Selain kemampuan teknologi, efa menilai kreativitas, adaptasi, dan jiwa kewirausahaan menjadi bekal penting bagi lulusan perguruan tinggi di masa depan.
“Kampus tidak boleh hanya mencetak pencari kerja, tetapi juga generasi yang mampu menciptakan peluang baru,” ujarnya.
Dalam kesempatan itu, Efa juga memaparkan capaian UNAND. Kampus tersebut kini mengantongi akreditasi institusi “Unggul” dari BAN-PT hingga 2028, dengan 57 persen program studi berstatus akreditasi Unggul.
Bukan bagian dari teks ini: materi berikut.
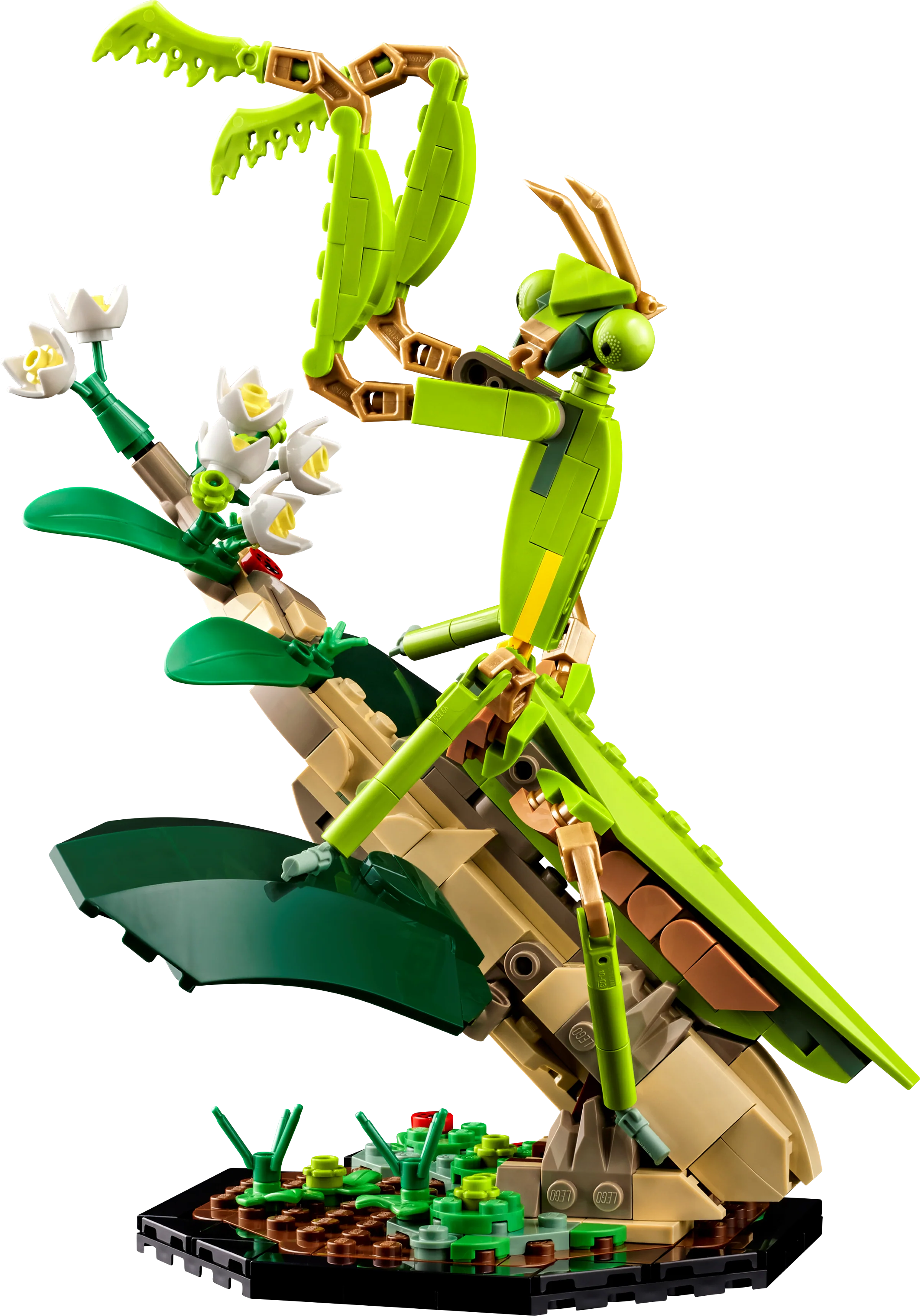 The Insect Collection - Image 4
Di level internasional, UNAND kembali masuk pemeringkatan dunia Times Higher Education (THE) 2025 dan menempati posisi ke-8 nasional, serta peringkat 201-250 dunia dalam Interdisciplinary Science Ranking THE.
UNAND juga memperkuat transformasi digital lewat penerapan tanda tangan elektronik pada ijazah, platform MyUNAND, sistem SAKU Digital, hingga layanan administrasi terpadu satu pintu.Sepanjang 2025, kampus itu telah meluluskan 8.180 wisudawan dari berbagai jenjang pendidikan.
Saat ini, UNAND memiliki lebih dari 32 ribu mahasiswa aktif dan 156 program studi.Di hadapan para wisudawan, Efa juga memberi apresiasi kepada Rafael Fadly Harianja, mahasiswa disabilitas rungu dari Program Studi Agribisnis Fakultas Pertanian yang berhasil menyelesaikan studinya.
“Keberhasilan Rafael menunjukkan bahwa kesempatan akademik harus terbuka bagi seluruh anak bangsa,” ucapnya.
Menutup sambutannya, Efa mengingatkan para wisudawan untuk menjaga rasa ingin tahu, kemampuan kolaborasi, dan nama baik dalam perjalanan karier mereka.
“Wisuda ini bukan akhir, tetapi awal dari perjuangan panjang,” katanya.